Israel is meanwhile losing the global battle for public opinion. Never before has there been greater readiness in the US and the West to voice criticism of Israel, with Democrats in the US Congress questioning whether it is tenable to continue bestowing billions of dollars upon a state engaged in illegal occupation, ethnic cleansing and apartheid. If Western publics continue to watch Israeli bombs murdering Palestinian children on the evening TV news, then it is merely a question of when the dam breaks and Israel finds itself alone on the world stage.

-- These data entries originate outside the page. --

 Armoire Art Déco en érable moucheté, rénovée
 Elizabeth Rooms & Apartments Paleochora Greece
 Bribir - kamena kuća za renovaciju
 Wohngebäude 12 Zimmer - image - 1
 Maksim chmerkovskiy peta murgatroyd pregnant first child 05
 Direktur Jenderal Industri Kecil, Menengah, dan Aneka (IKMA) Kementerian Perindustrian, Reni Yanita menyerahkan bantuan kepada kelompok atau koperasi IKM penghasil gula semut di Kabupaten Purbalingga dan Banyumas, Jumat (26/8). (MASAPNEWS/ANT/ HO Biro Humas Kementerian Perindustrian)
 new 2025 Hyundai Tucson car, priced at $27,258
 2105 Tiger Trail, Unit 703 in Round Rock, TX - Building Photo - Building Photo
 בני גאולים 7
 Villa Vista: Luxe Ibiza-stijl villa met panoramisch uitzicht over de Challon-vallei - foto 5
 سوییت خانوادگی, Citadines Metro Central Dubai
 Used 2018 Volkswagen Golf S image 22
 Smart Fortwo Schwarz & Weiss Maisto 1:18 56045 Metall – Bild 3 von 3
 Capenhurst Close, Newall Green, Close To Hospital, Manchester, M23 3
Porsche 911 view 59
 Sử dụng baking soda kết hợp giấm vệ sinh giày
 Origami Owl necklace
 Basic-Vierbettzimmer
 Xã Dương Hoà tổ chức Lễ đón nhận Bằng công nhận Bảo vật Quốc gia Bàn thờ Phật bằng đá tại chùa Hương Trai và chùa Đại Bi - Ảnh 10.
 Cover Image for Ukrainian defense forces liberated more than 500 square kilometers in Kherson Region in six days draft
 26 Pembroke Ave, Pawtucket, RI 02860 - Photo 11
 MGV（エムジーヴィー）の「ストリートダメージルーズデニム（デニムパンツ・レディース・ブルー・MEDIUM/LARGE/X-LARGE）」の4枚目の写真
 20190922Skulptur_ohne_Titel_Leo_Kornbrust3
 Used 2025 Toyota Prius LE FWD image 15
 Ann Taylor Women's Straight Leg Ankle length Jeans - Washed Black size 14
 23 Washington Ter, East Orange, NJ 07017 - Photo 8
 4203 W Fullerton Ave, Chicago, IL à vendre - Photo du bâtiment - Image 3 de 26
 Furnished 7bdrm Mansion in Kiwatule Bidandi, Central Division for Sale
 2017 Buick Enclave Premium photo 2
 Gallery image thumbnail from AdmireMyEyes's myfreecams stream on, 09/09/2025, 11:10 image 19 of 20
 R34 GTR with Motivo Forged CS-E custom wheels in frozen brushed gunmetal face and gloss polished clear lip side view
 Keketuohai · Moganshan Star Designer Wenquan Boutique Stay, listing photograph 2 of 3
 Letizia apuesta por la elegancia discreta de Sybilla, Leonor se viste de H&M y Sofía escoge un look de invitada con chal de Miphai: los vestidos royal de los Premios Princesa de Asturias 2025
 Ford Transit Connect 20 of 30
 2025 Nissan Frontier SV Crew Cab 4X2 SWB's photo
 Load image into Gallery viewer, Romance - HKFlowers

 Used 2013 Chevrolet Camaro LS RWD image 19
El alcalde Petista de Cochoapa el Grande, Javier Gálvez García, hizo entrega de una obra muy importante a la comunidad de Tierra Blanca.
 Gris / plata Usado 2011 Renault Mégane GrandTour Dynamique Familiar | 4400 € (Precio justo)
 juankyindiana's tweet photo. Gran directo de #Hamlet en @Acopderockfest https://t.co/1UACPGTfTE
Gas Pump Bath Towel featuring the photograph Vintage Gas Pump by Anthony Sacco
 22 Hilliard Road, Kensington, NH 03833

By selecting as prime minister an extreme-right politician who sees nothing wrong with the mass murder and expulsion of Arab citizens, Israel only brings the moment closer when it no longer has sympathetic allies to shield it at the Security Council and other international bodies. As moderate Israelis warn: Bennett’s fanatical aspirations for an aggressively expansionist, monolithically Jewish state risk sowing the seeds of Israel’s demise.